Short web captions
..........

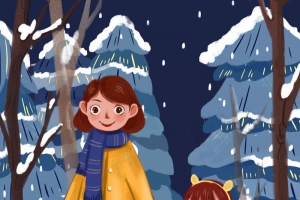 冬至手绘冬天下雪母女背景图元素图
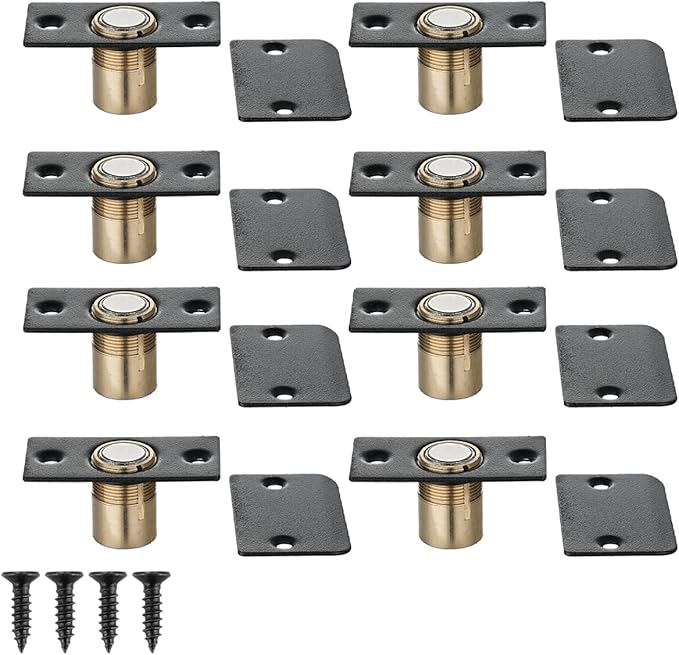 JQK Closet Magnetic Door Ball Catch Hardware, 430 Stainless Steel Catch Adjustable with Strike Plate, Black Finish 8 Pack, HBC120-BK-P8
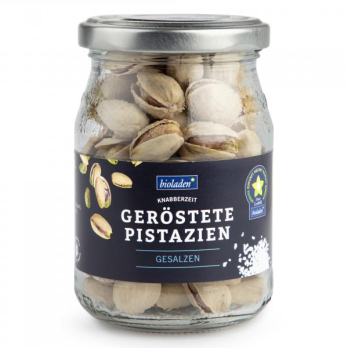 b*  geröstete Pistazien gesalzen, 130g im Glas
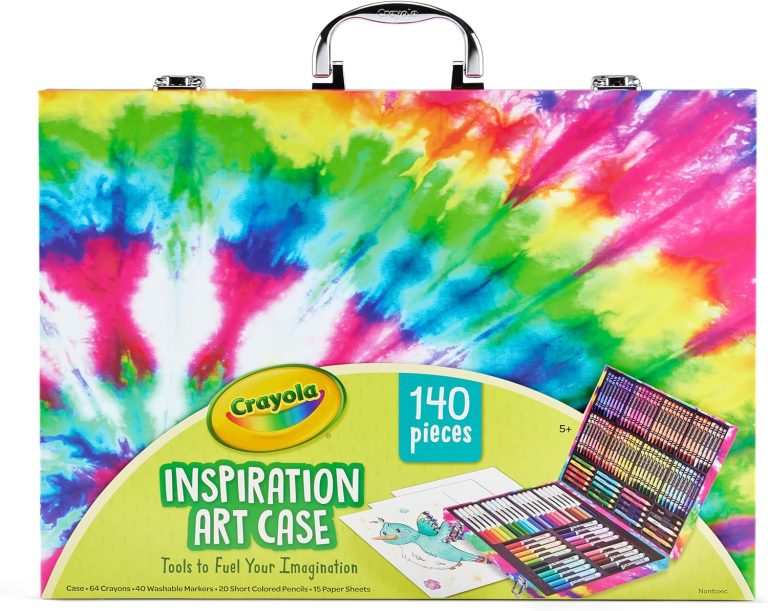 Crayola Inspiration Art Case Coloring Set – Tie-Dye (140ct), Art Set For Kids, Kids Art Supplies, Holiday Gift for Girls & Boys, Ages 5, 6, 7 [Amazon Exclusive]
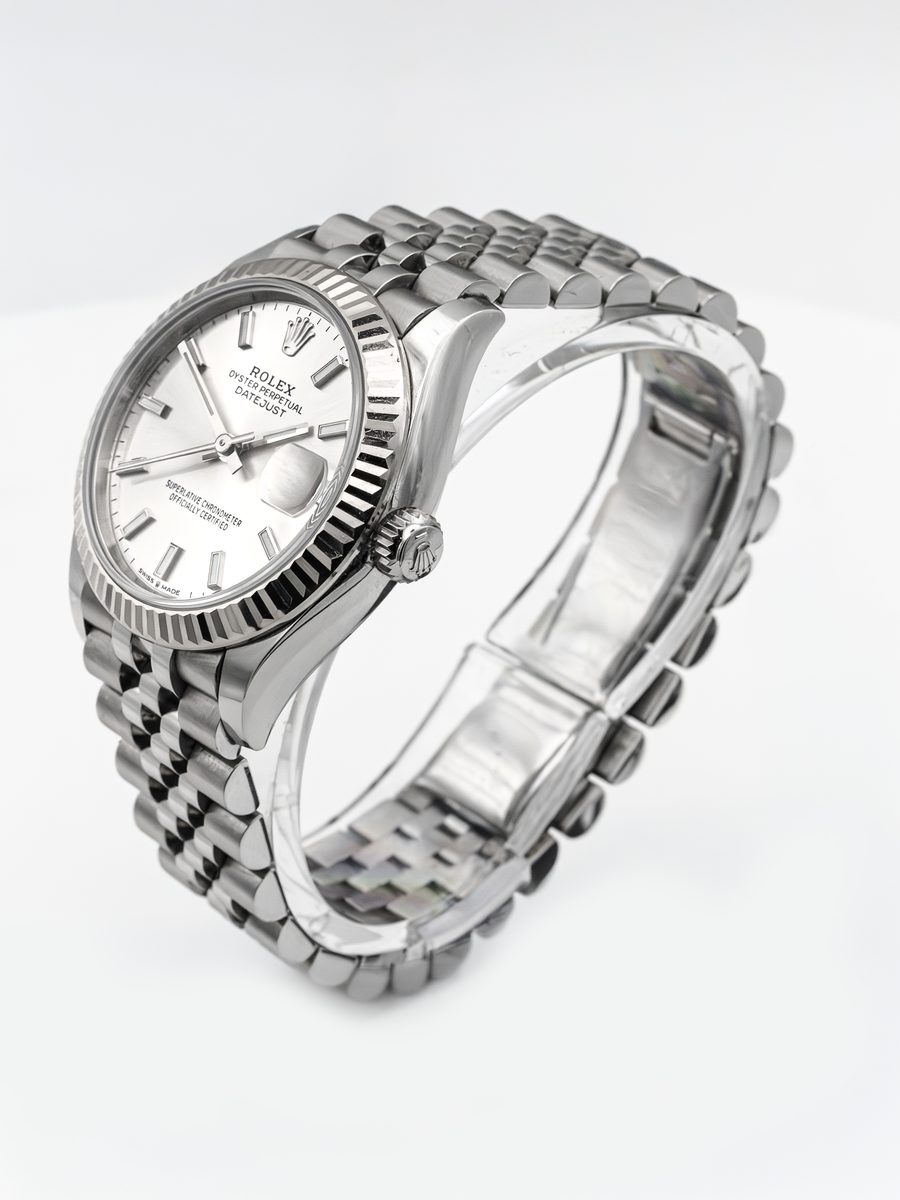 Rolex Datejust 31 278274 rhodium dial fluted white gold bezel Jubilee bracelet preowned luxury watch - angle view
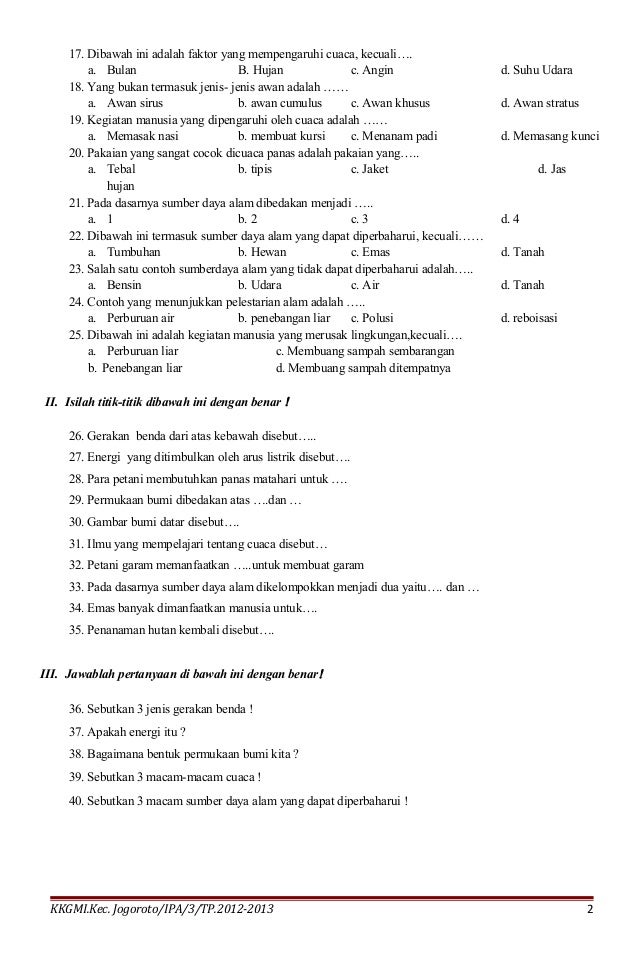 Soal Ipa Kelas 3 Sd Semester 1 - Piffle me Soal Ipa Kelas 3 Sd Semester 1 - Piffle me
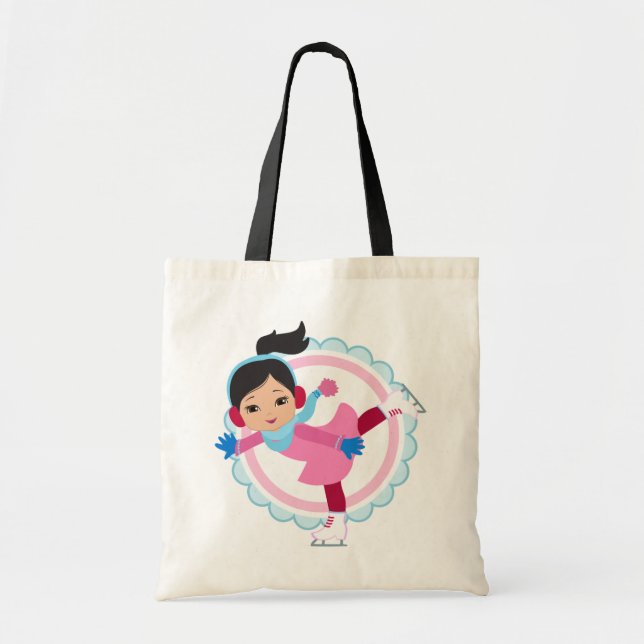 Tote Bag Patinage sur glace à cheveux noirs - Patinage de s (Devant)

..........

HOW TO COMPLETE THIS TASK
This task calls for an exact copy of the data above, without pictures.

WRITTEN SOLUTION
 冬至手绘冬天下雪母女背景图元素图
 JQK Closet Magnetic Door Ball Catch Hardware, 430 Stainless Steel Catch Adjustable with Strike Plate, Black Finish 8 Pack, HBC120-BK-P8
 b*  geröstete Pistazien gesalzen, 130g im Glas
 Crayola Inspiration Art Case Coloring Set – Tie-Dye (140ct), Art Set For Kids, Kids Art Supplies, Holiday Gift for Girls & Boys, Ages 5, 6, 7 [Amazon Exclusive]
 Rolex Datejust 31 278274 rhodium dial fluted white gold bezel Jubilee bracelet preowned luxury watch - angle view
 Soal Ipa Kelas 3 Sd Semester 1 - Piffle me Soal Ipa Kelas 3 Sd Semester 1 - Piffle me
 Tote Bag Patinage sur glace à cheveux noirs - Patinage de s (Devant)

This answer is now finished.